Let’s get this straight. Not only has Yahoo ceded any prayer of a social media play to Facebook and its ilk, they’re going to bust the portal model wide open with a new advertising system for “other sites across the Internet.” As Jason Calacanis points out on this Friday’s Gillmor Gang, ex-AOLer Jonathan Miller had all the right moves to transition the TimeWarner albatross out from under AOL’s modem farms, but not only did TW fire him but won’t let him do the right stuff again at Yahoo.

This suggests the same fundamentals that brought Microsoft down on Yang like a ton of bricks: announce the right plan at the wrong time after getting the right advice and applying it to a religious argument about the big bad Borg. Helft even suggests this could bring Microsoft back in yet one more time, this time with Icahin and two of his guys on the board to make sure the shareholders are disclosed about the internal negotiations for the next round of “offers.”

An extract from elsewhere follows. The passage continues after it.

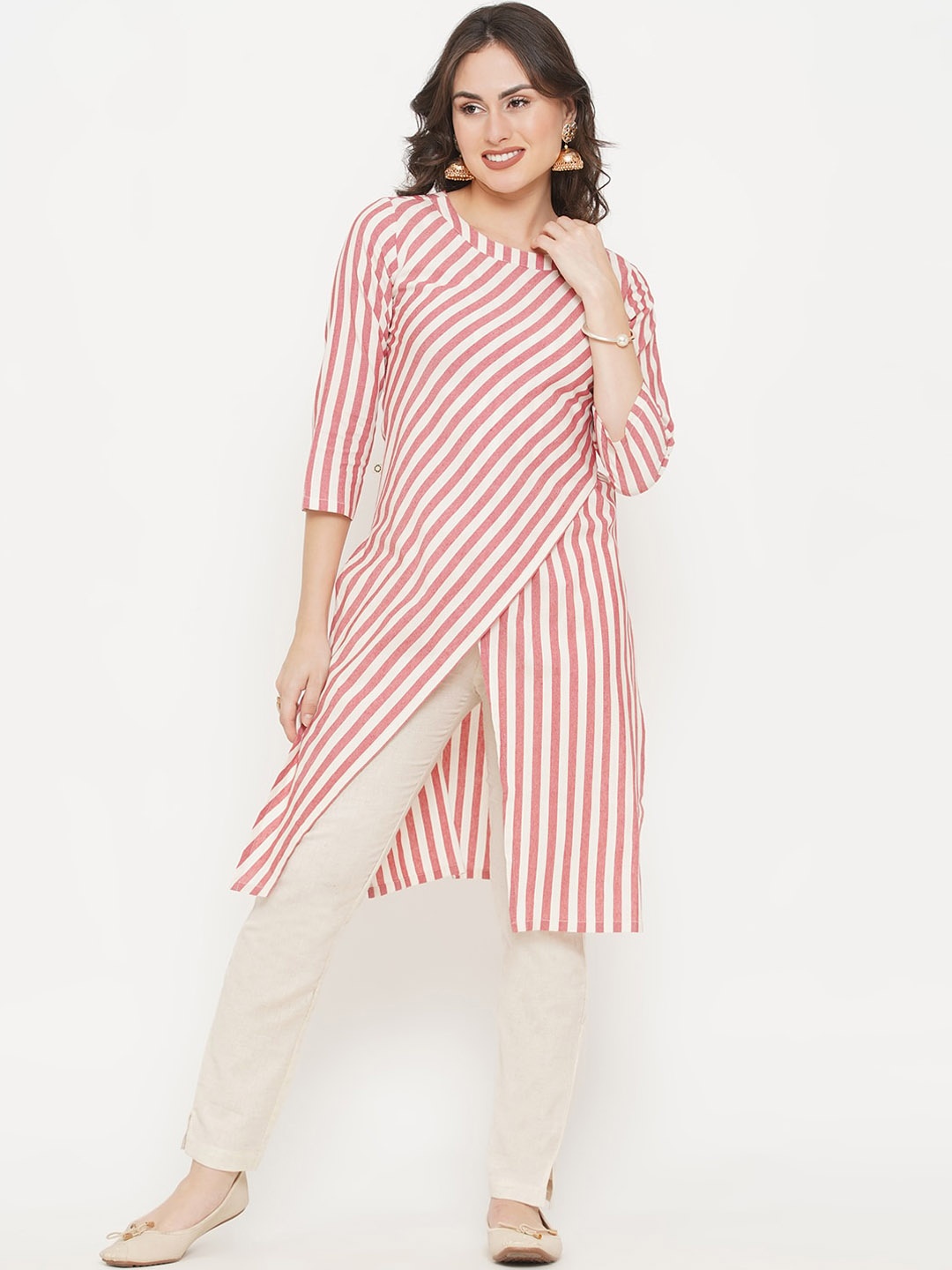 

FABNEST Women Red Striped Cotton Kurta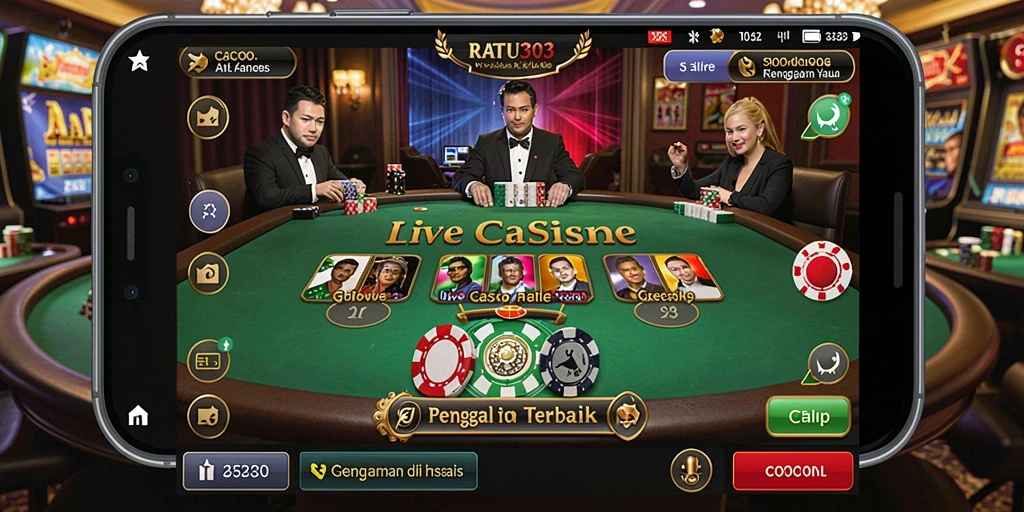 Screenshot menampilkan dealer live interaktif di RATU303 saat permainan berlangsung.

Yang’s other big problem is that Microsoft can and apparently is heading off any attempts at Yahoo acquisitions that might restart the deal flow and reverse the engineering outflow from Yahoo projects. Though the water cooler talk pegs the Powerset buy as double the value of the company, even Microsoft has acknowledged the target was the 60 people and the technology licensing the company obtained, not how those resources were applied in the code. The underlying message: Microsoft is willing to do what it takes to keep Yahoo pinned to the mat.

“I am more determined and more excited than ever to see those changes through,” Yang told Helft last week, who reminds us that Terry Semel said much the same thing at last year’s board meeting before leaving the board a week later. If Yang’s and the Yahoo board’s confidence is the only real sign of water, you won’t need the bridge they’re trying to sell you to get to the other side.